# Where to buy natural looking sand?



## jesse (Aug 11, 2011)

Looking for a light light brown sand.

http://www.google.ca/imgres?um=1&hl...10&start=16&ndsp=20&ved=1t:429,r:6,s:16,i:121

Like that ^^^^^^


----------



## BillD (Jun 5, 2006)

You might be able to find it at a garden centre. If not, most construction or playsands will have a light brown to tan colour, although they are likely to be finer.


----------



## altum (Apr 24, 2012)

*Light brown sand*

*Since you are in Mississauga, you can get sand at Home Depot on Dundas just west of Winston Churchill or go to Rona on Winston Churchill north of the 403. The sand from Home Depot will need a considerable amount of washing. It is very dirty. The Rona sand is much cleaner and will save you lots of time and water.
If you are using it for a Rift Lake tank, beach sand from Lake Ontario is wonderful ... lots of zebra mussel shells to harden or at least stabilize the water. I've used this beach sand for my plants as well because of the high iron content.
Good luck
Jim*


----------



## Fishfur (Mar 4, 2012)

If you want sand I have plenty of it.. I will sell it, forgive the pun, dirt cheap ! I'd probably give it to you.. But I tested it all with acid and it all reacted pretty strongly.. so it likely has a lot of lime in it, which can mess up your water parameters if you are trying to keep your PH down. Don't want you to find that out the hard way. I got it from four different sources but it all tested the same, bubbled up and foamed a lot when I dripped some CLR on it. It's basically horticultural type sand.. various particle sizes, sometimes called sharp sand too.. coarse, in other words. Playsand is much smoother and softer to the touch, with much more uniform grain sizes.


----------



## PerryW (Feb 20, 2012)

Hi, just wanted to comment but pool sand comes in like 40 or 50 lb bags and is clean, cheap (like $6-$8/bag) and also pool sand is round not jagged so it will not scratch fish and if ingested it will be easier on their insides.


----------



## PerryW (Feb 20, 2012)

oh also, obviously you can find pool sand at any pool store (google) but also it is a bit heavier so if stired up it sinks right away. only down side is that it is white i have had a tank running with it for 3 years though and it doesnt look dirty at all. GL


----------



## BillD (Jun 5, 2006)

PerryW said:


> Hi, just wanted to comment but pool sand comes in like 40 or 50 lb bags and is clean, cheap (like $6-$8/bag) and also pool sand is round not jagged so it will not scratch fish and if ingested it will be easier on their insides.

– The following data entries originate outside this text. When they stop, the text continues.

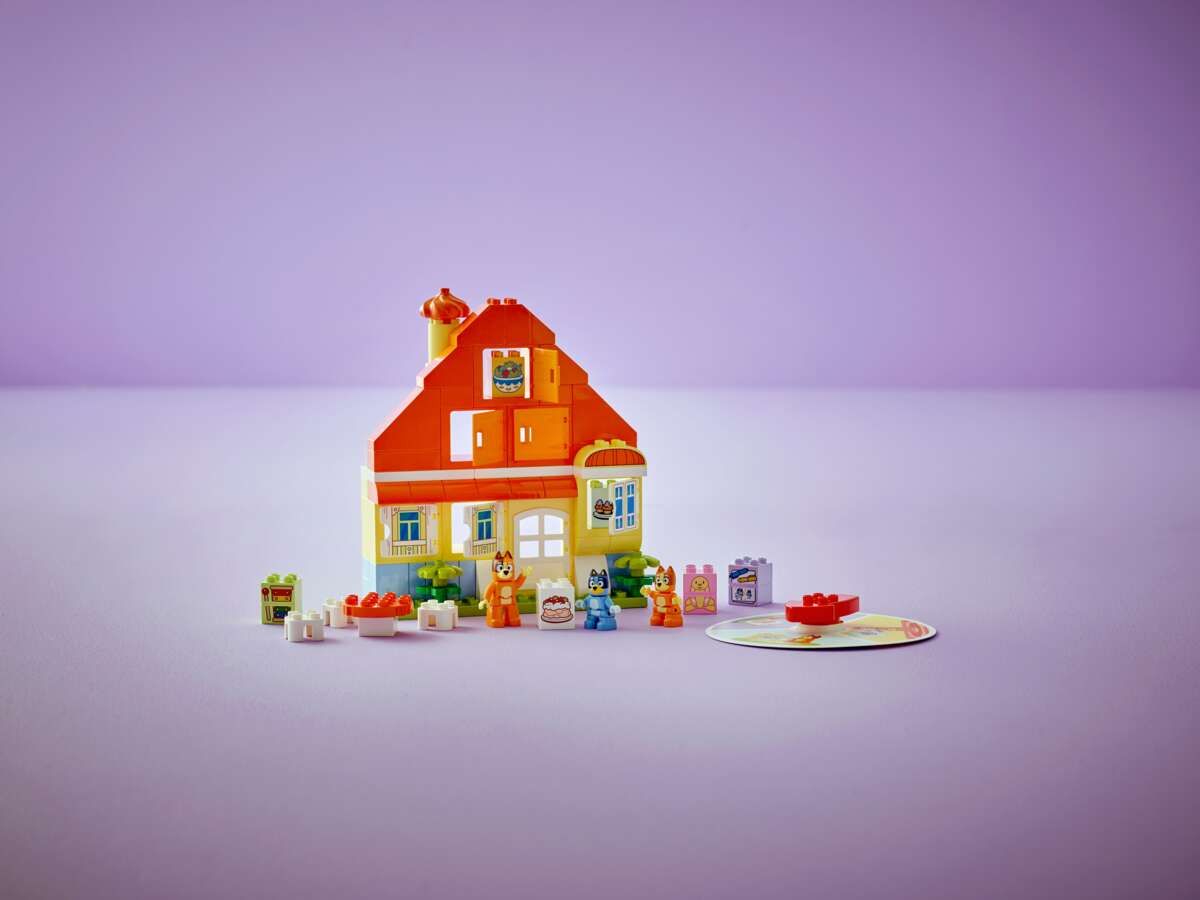 LEGO® DUPLO® Blueys hus med huskespill 10459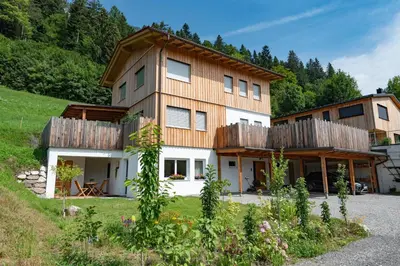 Das Gebäude in dem sich die Ferienwohnung befindet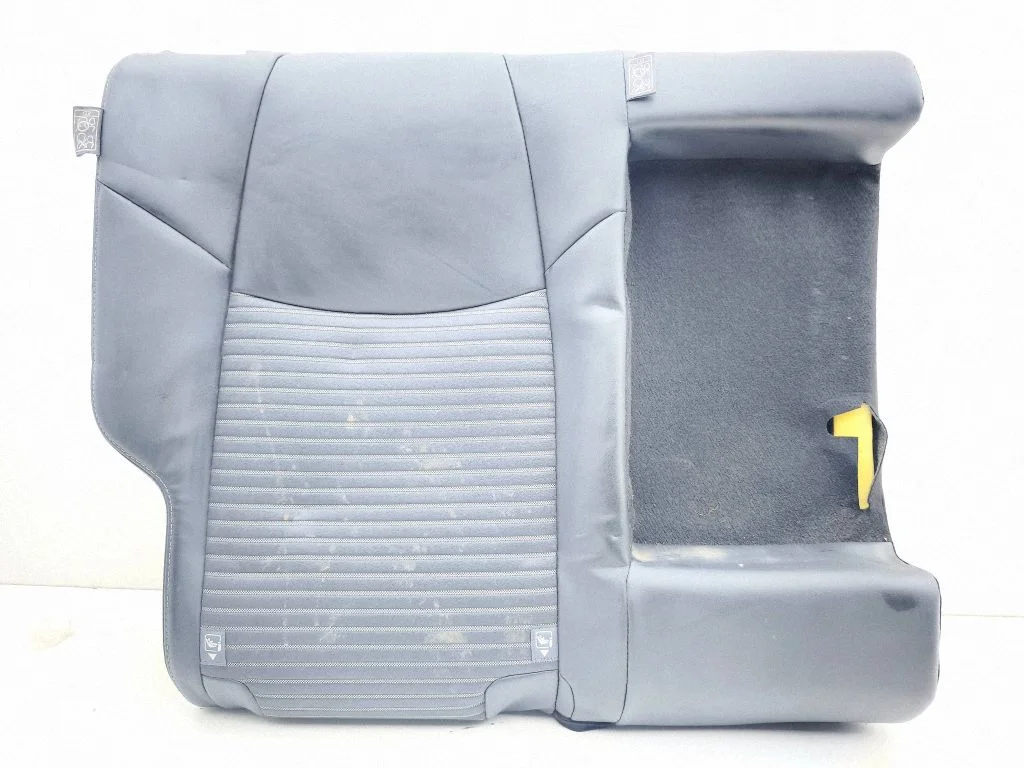 Rear seat – right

PFS, is in fact sharp. By definition, to meet specs for filtration, it needs to be #20 grit sharp sand.
I think you will find that most sands of the natural type will have a fair bit of iron. Inserting a magnetic screwdriver is a way to test, if you don't have a regular magnet. I recently did this with some brick sand, which is very fine, I am using in a cory tank, and iron filings attached themselves to the screwdriver.
While this may not be readily available here, this sounds like what you are looking for. http://www.redflint.com/filtration.htm Note that the PFS and Aquarium sand have the same specs and appearance, which is far from white. I have some of their gravel, and it is a really nice colour mix.
I too have used Lake Ontario sand and gravel, which I sifted to size using various sieves and such from the dollar store.


----------